まずサビについては、この曲の作詞は水樹奈々さん本人である。

この曲がタイアップしていたアニメの主人公役を務めていたのが水樹奈々さんということで、アニメを見ていない筆者には深くは語れないが、恐らくアニメの世界観が投影された歌詞の内容になっていることが想像される。

ただ、アニメの知識がなかったとしても、この歌詞単体でも十分に味わい深い内容に仕上がっている。

特に好きなのが、「孤独の海を深い蒼に染めてく」の「蒼」と、「夜明けの朱い空に虹を描いて」の「朱」の対比だ。

単なる青、赤ではなく、蒼、朱なのも叙情的に感じられて良い。

1人で閉じこもっている人物を救うべく、主人公が夜明けに立ち上がる。
そんな光景が姿を持ったイメージとして捉えられ、歌詞の世界をよりドラマチックに彩っていると思う。

また、これだけ歌詞が毎回変わっているのにも関わらずサビの言葉の乗り方ががどれも物凄く自然でなのも驚きで、どのサビが一番好きか決めろと言われたら困ってしまうレベルだ。

この曲の作曲は水樹奈々さんの初期の頃の楽曲を多数手がけている大平勉さん。

個人的にはアルバムだと『ALIVE & KICKING』以降を主に聴き込んできたため、あまりイメージがないのだが、『STARCAMP EP』収録の『空時計』はかなりの名曲だと思う。

中期は特にElements Garden界隈の曲が増え、サウンドも曲展開も劇的なTHEアニソンといった感じのものが増えていく。

ちょうどそこに至る前の過渡期にリリースされたこの『innocent starter』は初期の流れを汲みつつも少し洗練されたような印象で、個人的な好みとしては非常に丁度良い。

明るいAメロからBメロで少し空気が変わり、転調してサビに向かっていくという進行も歌詞とリンクしているようで素敵だ。

唯一残念なのが、音源はベースとドラムが打ち込み(恐らく)であることなのだが、ライブ版では生バンドでの演奏を堪能することができ、特にベースの坂本竜太さんが意外と動きの多いベースラインを弾いていることもあって、原曲とはまた違った味が出ている。

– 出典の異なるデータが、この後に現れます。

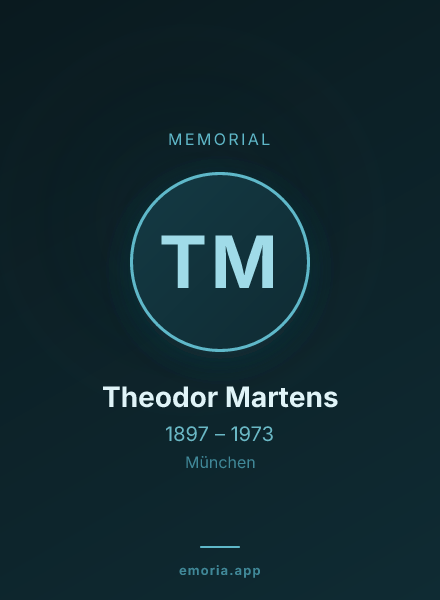 Memorial portrait of Theodor Martens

ギターソロは原曲でも素晴らしいところ、ライブではラスサビ前と後のソロを2人のギタリストがそれぞれ担当するようなアレンジになっており(これも『Oasis』と同じだ)、特にラスサビ後のソロはより感情のこもったフレージングになっているライブ版もあるので、こちらも注目だ。

この『innocent starter』、Wikipediaを見たところ、田村ゆかりや、まさかの倖田來未とも共演して一緒に歌ったことがあるとのこと。

水樹奈々さんの有名曲というと『ETERNAL BLAZE』の印象が強かったが、どうやらこちらの人気も負けてはいないらしい。

『ETERNAL BLAZE』と比較するとアニソン特有の雰囲気は薄く、この2000年代前半に流行っていたJPOPが好きであれば好みに合いそうなこの曲。

是非一度聴いてみてもらいたい。